The Climate and Forecast (CF) metadata conventions are conventions for the description of Earth sciences data, intended to promote the processing and sharing of data files. The metadata defined by the CF conventions are generally included in the same file as the data, thus making the file "self-describing". The conventions provide a definitive description of what the data values found in each netCDF variable represent, and of the spatial and temporal properties of the data, including information about grids, such as grid cell bounds and cell averaging methods.
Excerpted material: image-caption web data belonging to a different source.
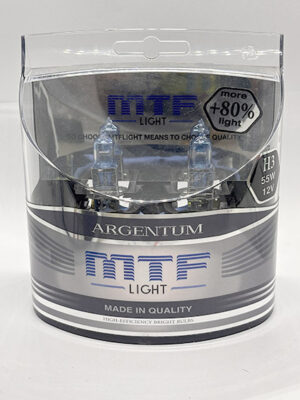 Лампа галогеновая Н3, MTF LIGHT ARGENTUM. 12 V. 55W. (Комплект 2 шт).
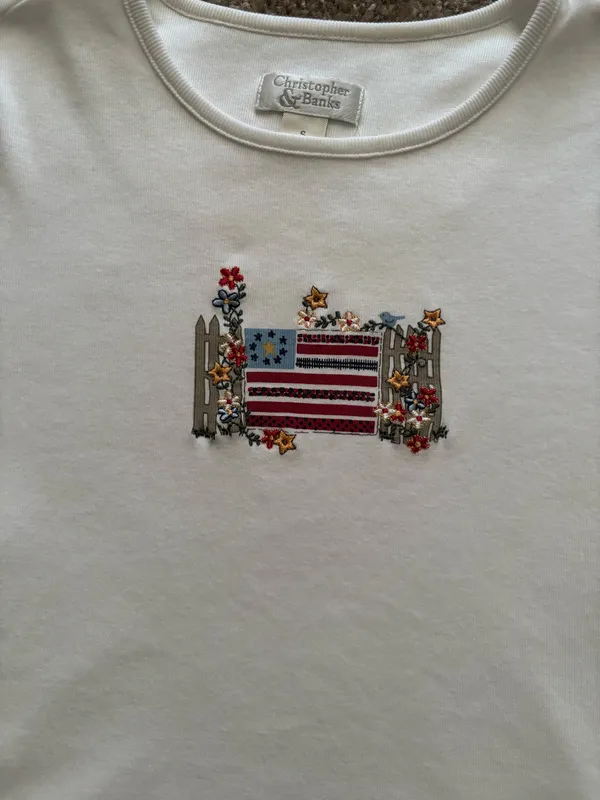 Christopher & Banks 100% cotton embroidered USA flag t-shirt - Image 2
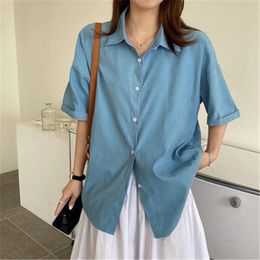 Women's Blouses & Shirts Summer Button Up Shirt For Women Blouse Tops Holiday Beach Hawaiian Clothes Cardigan Office Ladies Work Clothing Ca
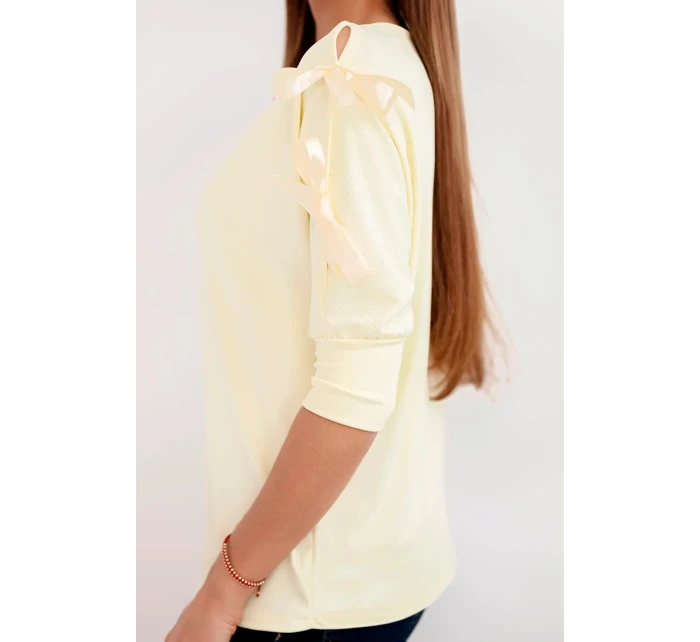 Dámská viskózová blůza se ozdobnými model 21961384 žlutá - K-Fashion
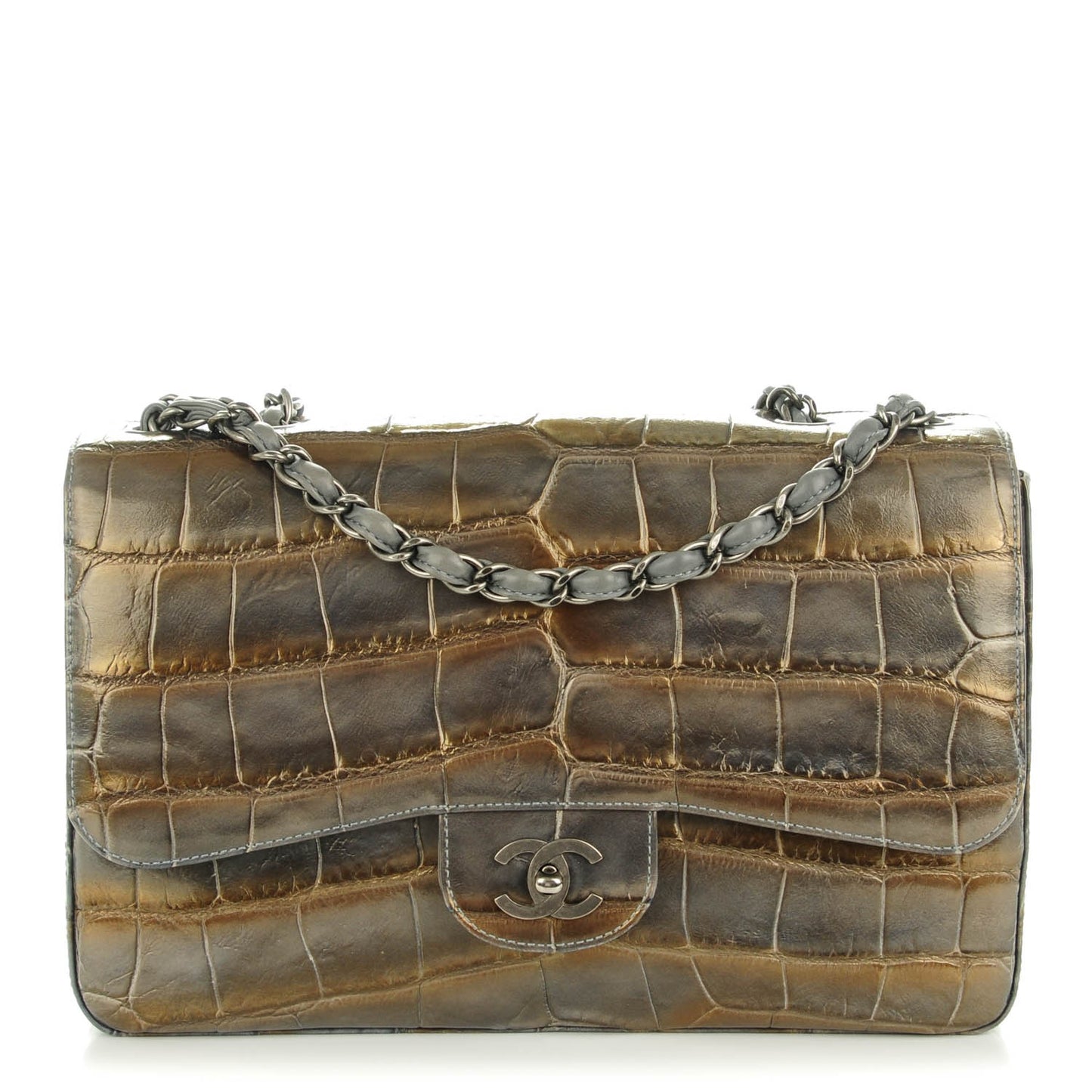 Metallic Alligator Jumbo Single Flap Grey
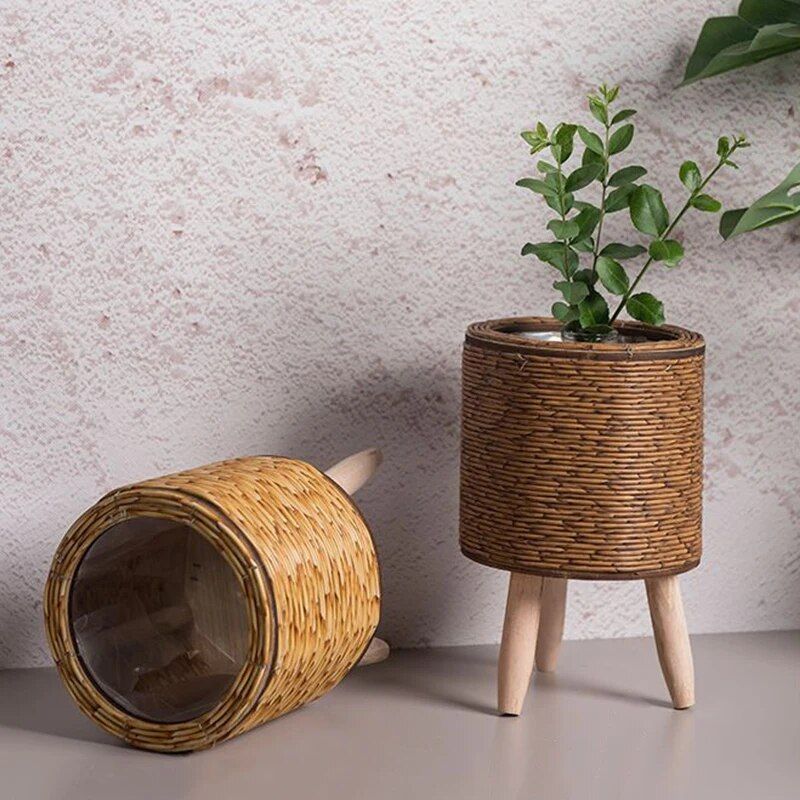 nordic woven plant stand with wooden legs, view 12 - MRSLM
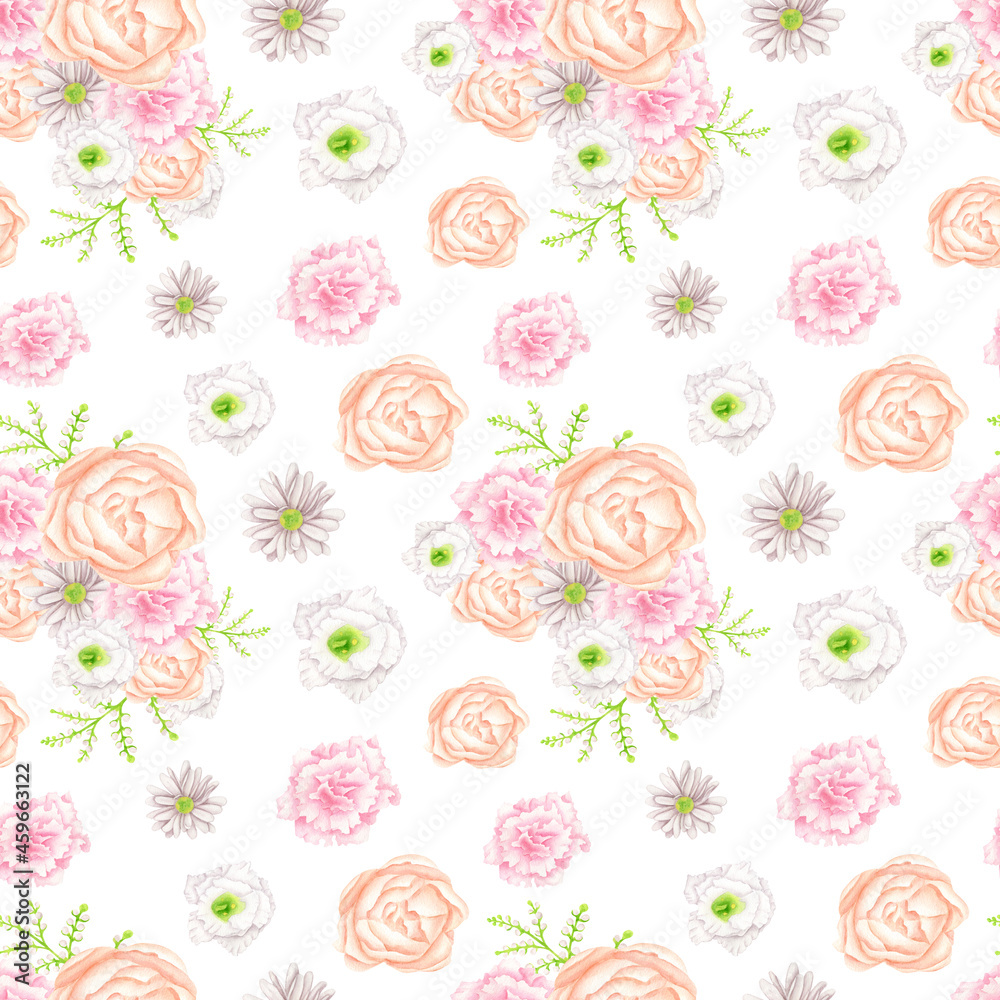 Floral seamless pattern with watercolor flowers. Hand drawn little peach, pink flowers, elegant bouquet in neutral colors isolated on white background. Botanical tile for wedding, wrapping, textile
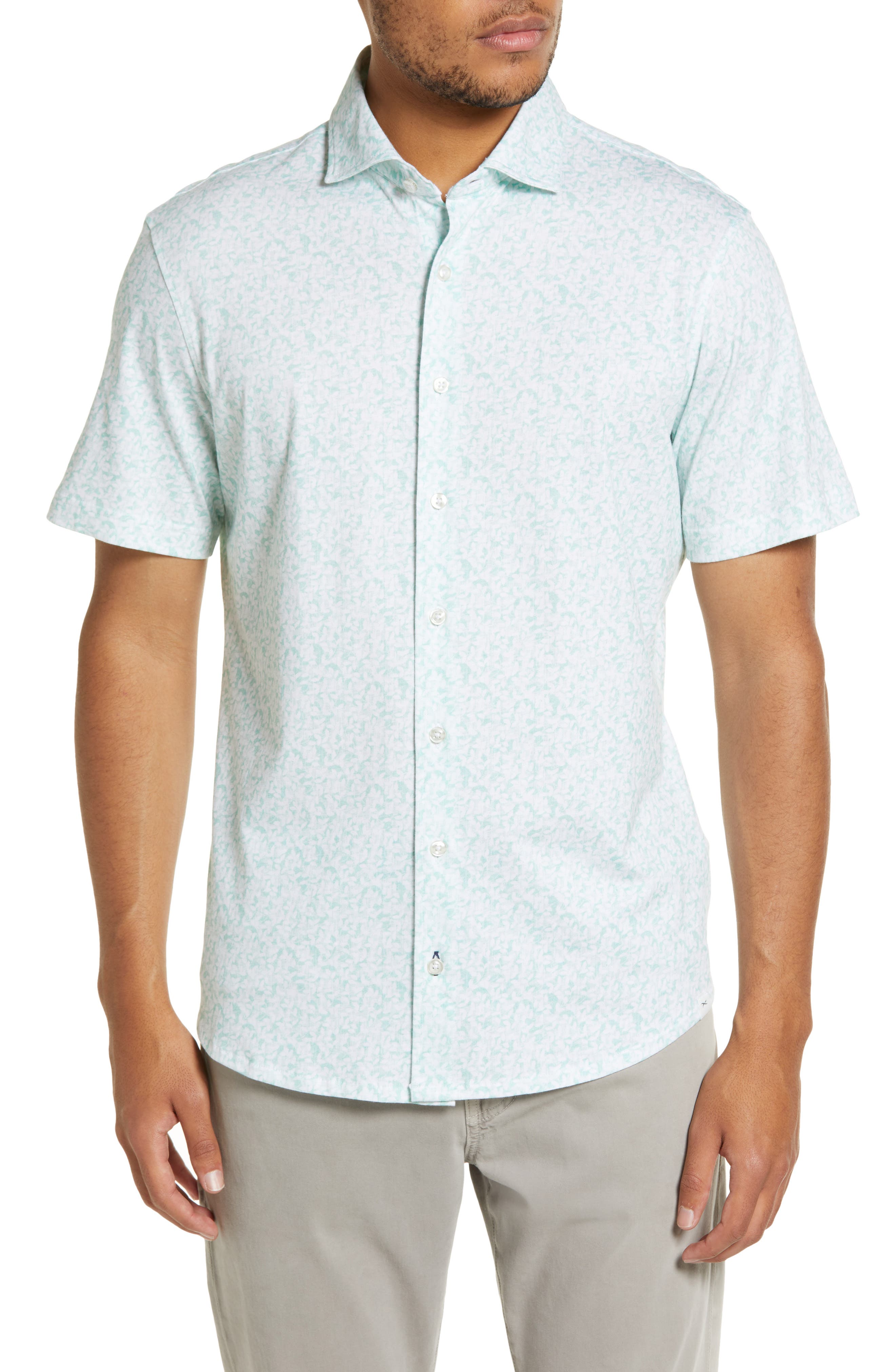 Men's Hardy Print Cotton Short Sleeve Button-Up Shirt Brax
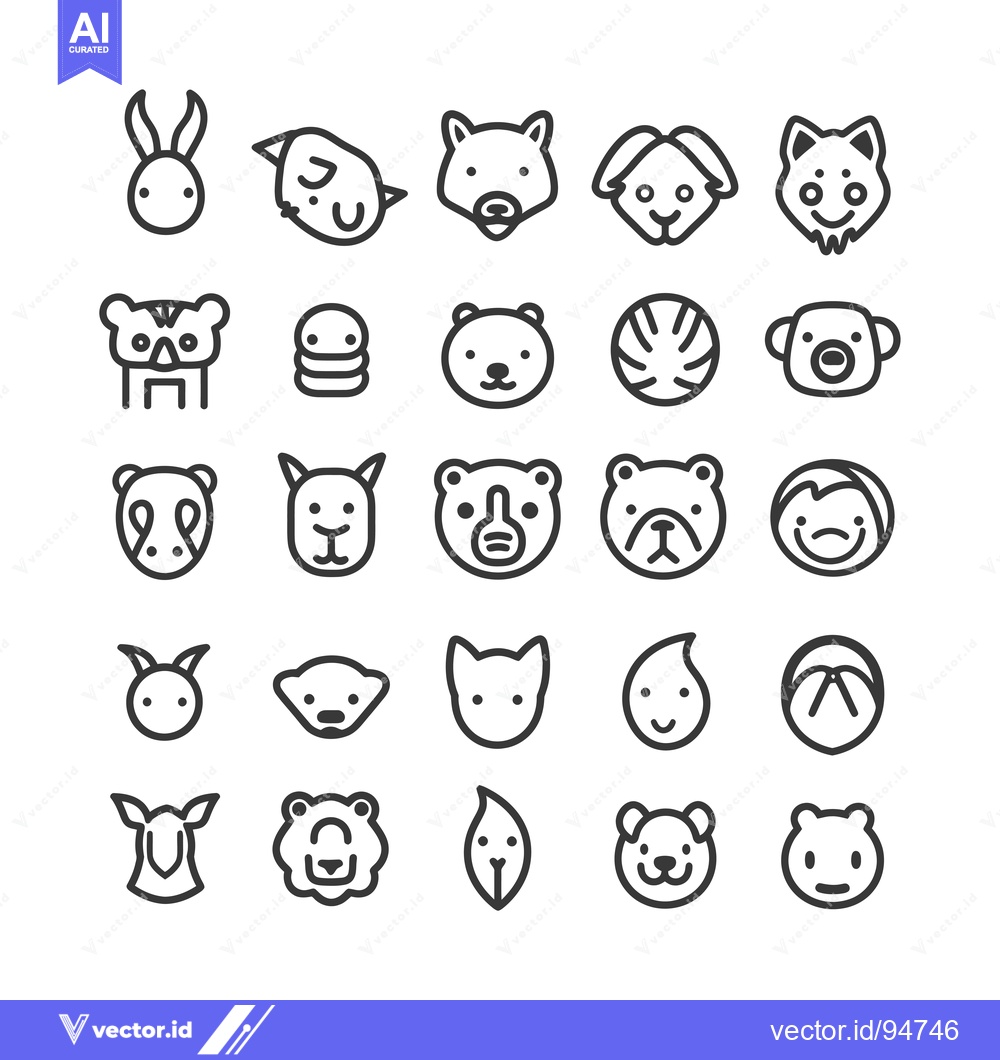 Premium Vector of Set of 25 Line Art Animal Icons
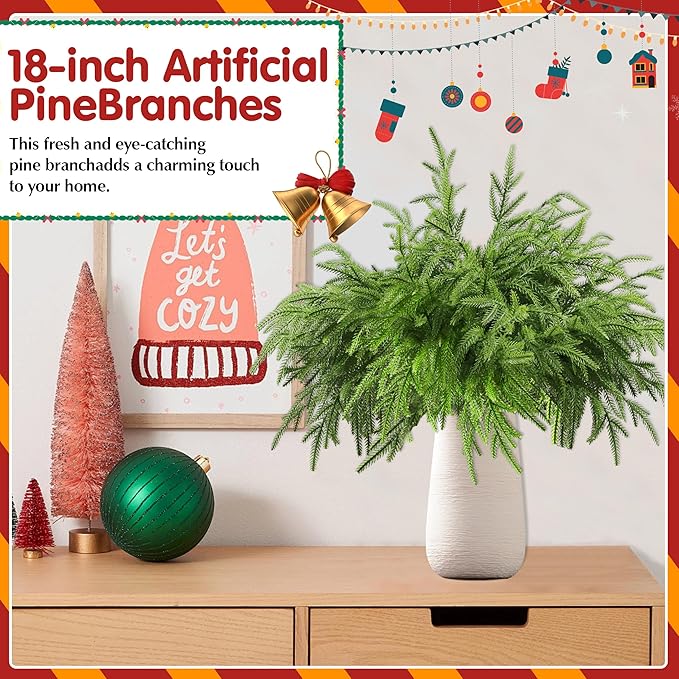 18Pcs Artificial Norfolk Pine Branches 18" Plastic Christmas Plants Decor Faux Greenery Stems Pine Picks Outdoor Faux Plants UV Resistant for Xmas Indoor, Front Porch Home Décor (18, 18inch)-HomvellaHome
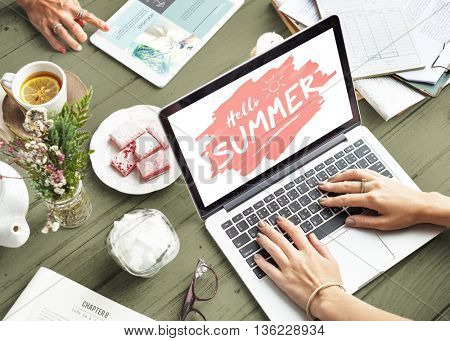 Using Laptop Surfing Seaching Tea Concept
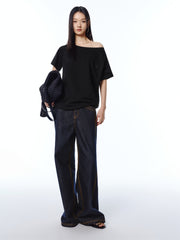 Women's Embroidered Boat-Neck T-Shirt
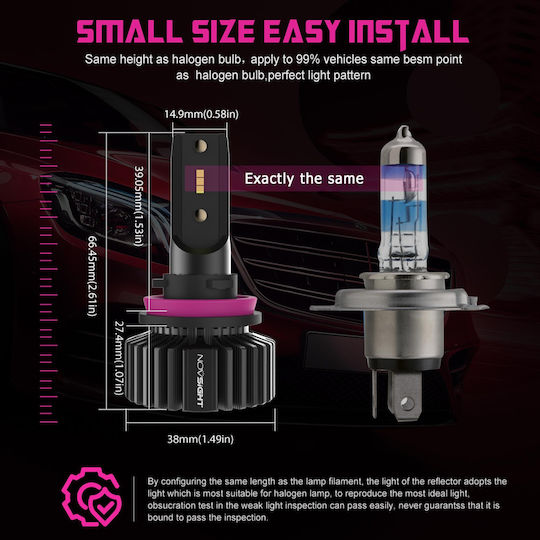 NovSight Λάμπες Αυτοκινήτου & Μοτοσυκλέτας H11 LED 6500K Ψυχρό Λευκό 12-24V 50W 2τμχ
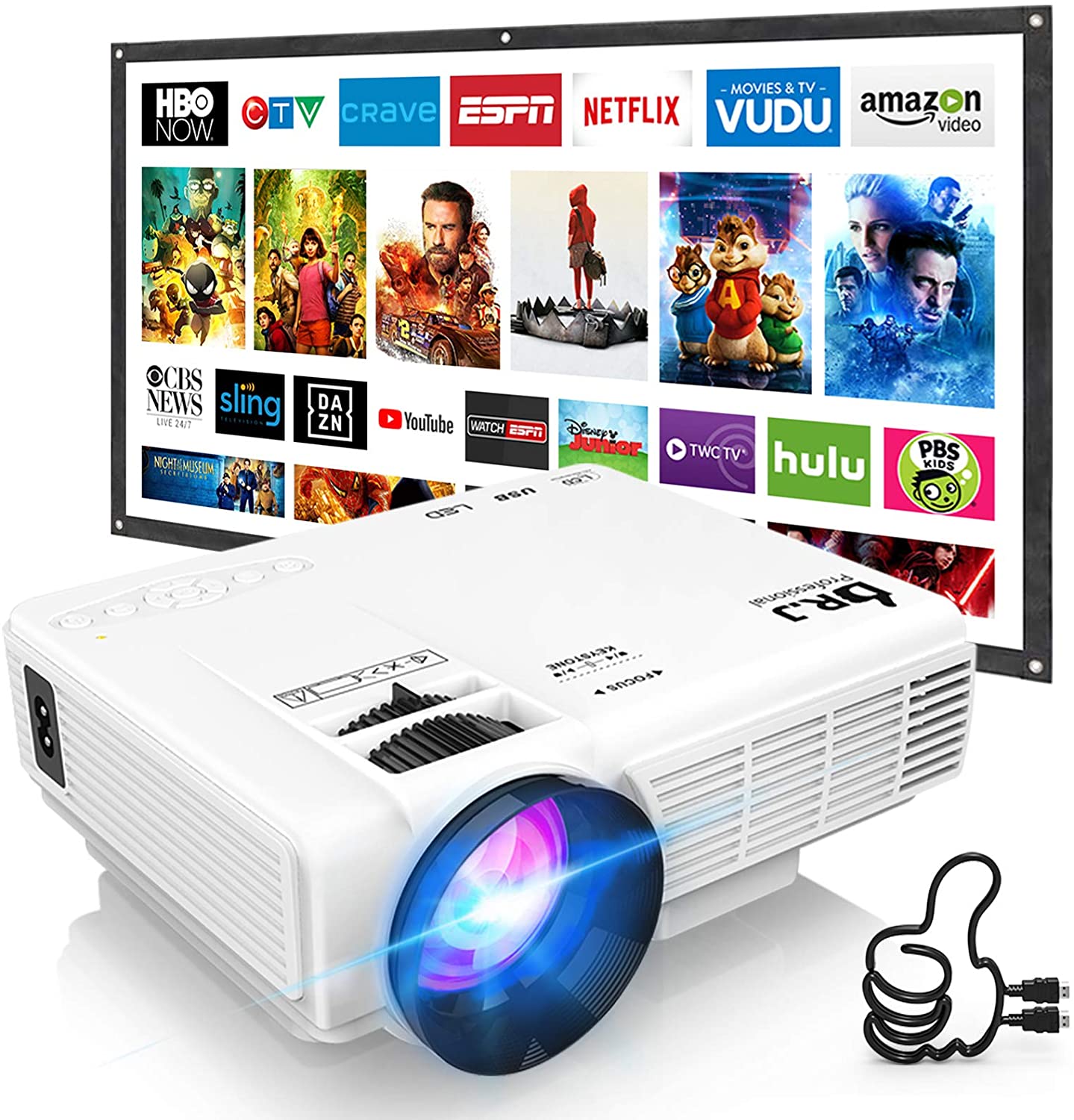 Dr. J Professional Projector with 100Inch Projector Screen - e4cents
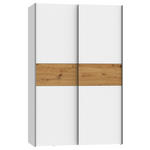 SCHWEBETÜRENSCHRANK  in Weiß, Eichefarben  - Eichefarben/Alufarben, Design, Holzwerkstoff/Metall (120/190,5/61,2cm) - Carryhome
This enables users of files from different sources to decide which variables are comparable, and is a basis for building software applications with powerful data extraction, grid remapping, data analysis, and data visualization capabilities.
History and evolution
The CF conventions were introduced in 2003, after several years of development by a collaboration that included staff from U.S. and European climate and weather laboratories.[1] The conventions contained generalizations and extensions to the earlier Cooperative Ocean/Atmosphere Research Data Service (COARDS) conventions [2] and the Gregory/Drach/Tett (GDT) conventions.[3] As the scope of the CF conventions grew along with its user base, the CF community adopted an open governance model.[4] In December 2008 the trio of standards, netCDF+CF+OPeNDAP, was adopted by IOOS as a recommended standard (number 08-012) for the representation and transport of gridded data. The CF conventions are being considered by the NASA Standards Process Group (SPG) and others as more broadly applicable standards.[5][6]
Applications and user base
The CF conventions have been adopted by a wide variety of national and international programs and activities in the Earth sciences.[7] For example, they were required for the climate model output data collected for Coupled model intercomparison projects, which are widely used for the Intergovernmental Panel on Climate Change assessment reports.[8]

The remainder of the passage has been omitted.